La comunità si disgrega in nuclei sempre più piccoli, fino a scoprire che la cellula, che dovrebbe essere il più piccolo mattone della comunità, non esiste. O meglio: l'individuo, con la caparbia resistenza della vecchia a voler tracciare un limite tra ciò che è mio e ciò che è tuo, crolla tale e quale a come crolla la comunità.

Resta solo l'amore. Solo l'organismo bi-cellulare della coppia sfugge alla contaminazione perché la è, la contaminazione. È esperienza impossibile del tempo, e del vento, che agitano quietamente un'inquadratura che non trova più i propri confini, perché Elliott e Alma che corrono l'uno verso l'altra sono presi, ancor prima di prendersi, nell'abbraccio con cui il campo accoglie e dissolve il fuoricampo: il campo-controcampo. L'esperienza del fatto che è il campo stesso a non esserci.
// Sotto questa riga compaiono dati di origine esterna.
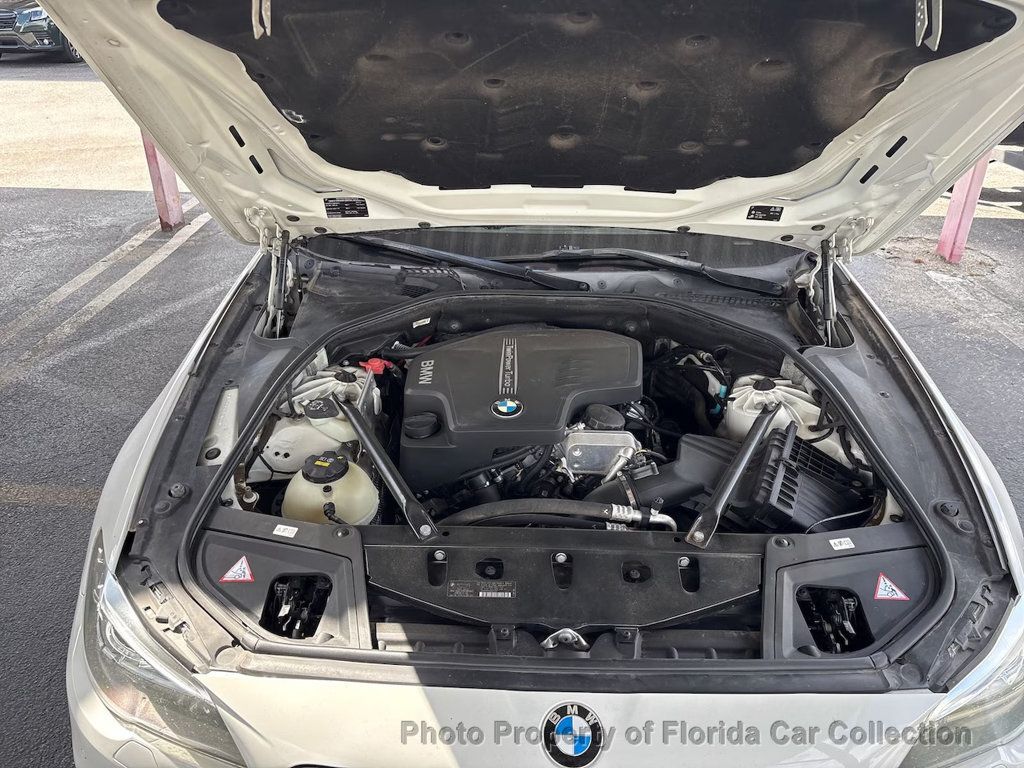 2015 BMW 5 Series 528i Sport Line RWD Sedan - 23019158 - 13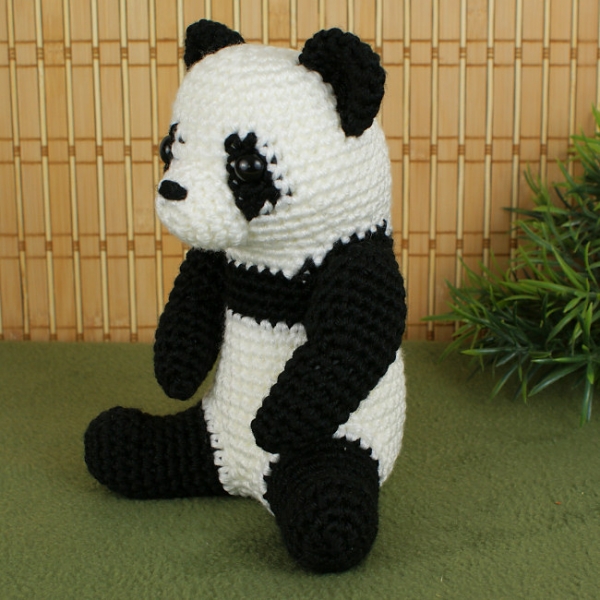 Panda amigurumi pattern free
Già. Bisogna tornare al grado (“ground”) zero per scoprire che questo grado non c'è. Tornare a un racconto ridotto a macerie fumanti, che butta lì con sublime goffaggine una serie di “battute rivelatrici” di imbarazzante estemporaneità. Tornare alle “vedute” statiche, ai punti morti (per quanto impeccabilmente orchestrati). Tornare all'abc del linguaggio, come fanno Alma e Elliott nelle loro casupole comunicanti, “antenate” dei telefonini e dei videofonini che lungo tutto il film intercettano il fuoricampo per illudersi che ci sia un “di là” ben distinto dal “di qua”.

Solo così si può sentire tutta l'inadeguatezza e fragilità dei confini (e quindi del linguaggio). Solo così l'attesa non è più soggezione al cospetto del tempo onnipotente e mortale, ma (dolce) attesa che il test della gravidanza diventi rosa.